Cubazuela’s recent diplomatic strategy for giving oxygen to the Maduro regime was built upon several foundation points:  the complicities of the European Commission’s High Representative Federica Mogherini; Pedro Sánchez’s PSOE in Spain; AMLO in Mexico and the Government of Uruguay.  Together they have worked with Havana on a containment strategy that takes away the possibility of humanitarian intervention and ensures that any sanctions are more symbolic than effective.

Yet this scaffolding required some scenarios designed to make believe that 50 percent or more of Venezuela’s problems stem from the “stubbornness” of the opposition and the “cruelty” of external sanctions.  To support these falsehoods, a “dialogue in Oslo” was called up.  On the other hand, they expected a “neutral” report on Venezuela from the UN Commission on Human Rights that would expose as culprits foreign sanctions and the internal political opponents requesting them.

The Venezuelan opposition knows, from its own experience, the futility of any pretended “dialogue” with the dictatorship.  But it couldn’t hand over to the Maduro regime the image of stubbornness it sought to vilify them.

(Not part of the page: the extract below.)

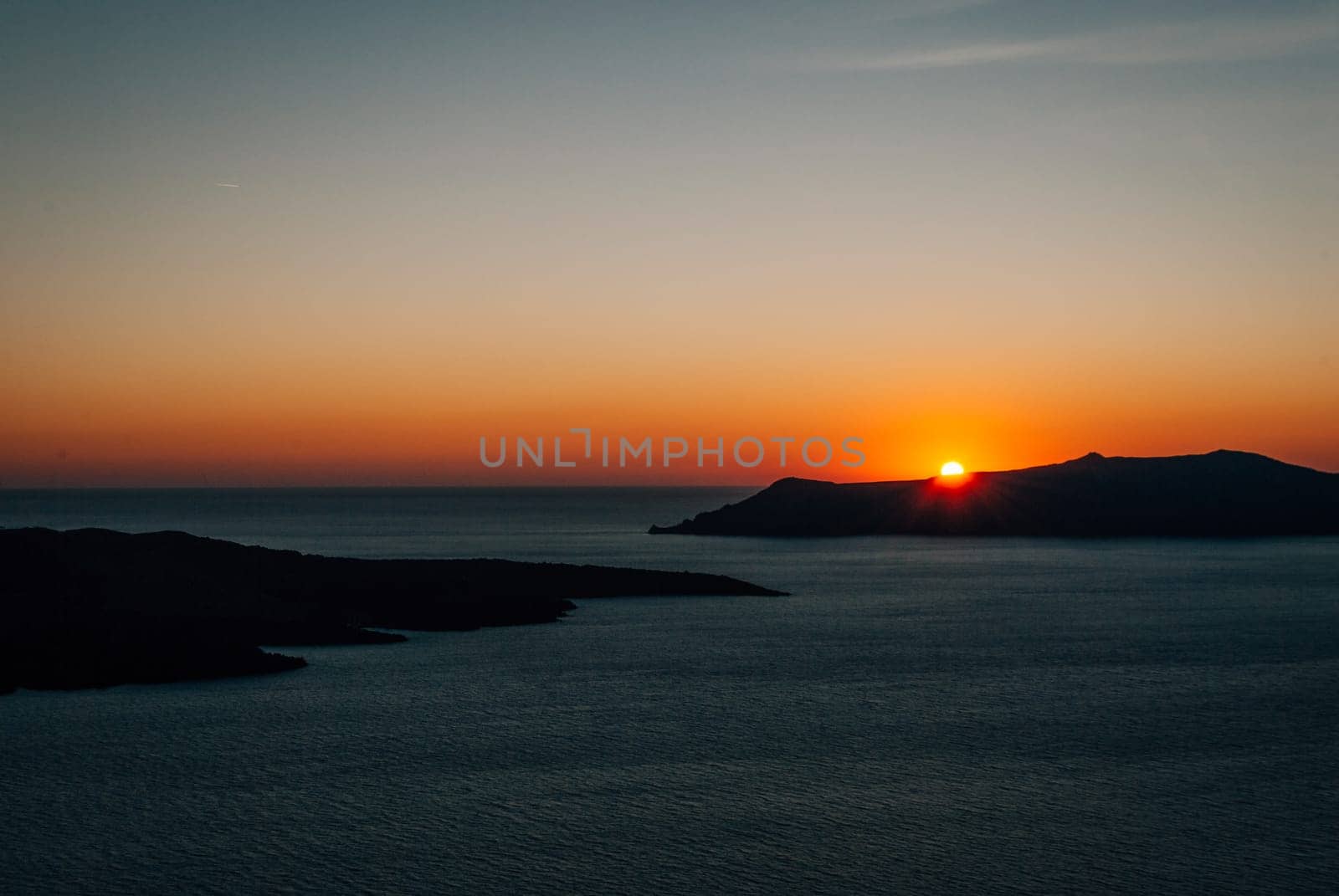 The sun sets behind an island in the sea, Santorini, Greece.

When a dictator accepts to dialogue he thinks, first and foremost, about buying time, projecting a constructive image and using it to divide his interlocutors.  The leaders of Venezuela’s opposition are no fools though. They are well aware about it.  Going to Oslo was a calculated risk, even though a risk after all.  And, by the way, a very high one. Nonetheless, they decided to take it.

Cuba’s face-washing diplomatic strategy did not grant, however, the leeway sought by international appeasers.  The purported dialogue in Oslo became preliminary talks on a single topic: Maduro’s departure.  And the idea of opening Venezuela’s doors to a visit by the UN High Commission on Human Rights ended up making the negative perception on the regime even worse.

Havana’s strategy also sank because of two miscalculations.

First, Guaidó turned things upside down.  He agreed to meet and talk—which is not the same as to dialogue or negotiate—in order to project his own constructive image, as well as to study the contradictions and weaknesses of his counterparts throughout such talking exercise.

Havana’s second mistake was to believe that leftist stalwart Michelle Bachelet would control and veto the findings of the report drafted by her Commision’s experts, aligning them in the end with what Havana needed.   Confronted with a devastating report though, Bachelet could not do that without assuming personal responsibility for the exoneration of the Maduro regime. That was too much to ask of her.  Thus, that second winning card of Cuba’s diplomatic strategy backfired and exploded.

Even worse, the spilled blood of Venezuelans documented by the report now splashes and falls inevitably upon Havana. Castro was always an accomplice and an active part of the human rights violations now verified by the United Nations Commission.  Crimes in Venezuela are also crimes of the Cuban regime.  The balance is clear. Cuban diplomats and their agents of influence abroad failed to buy more oxygen to extend Cubazuela’s life.  The United Nations High Commission report looks more like a pre-certificate of death.

Meanwhike, in Cuba power blackouts have already started.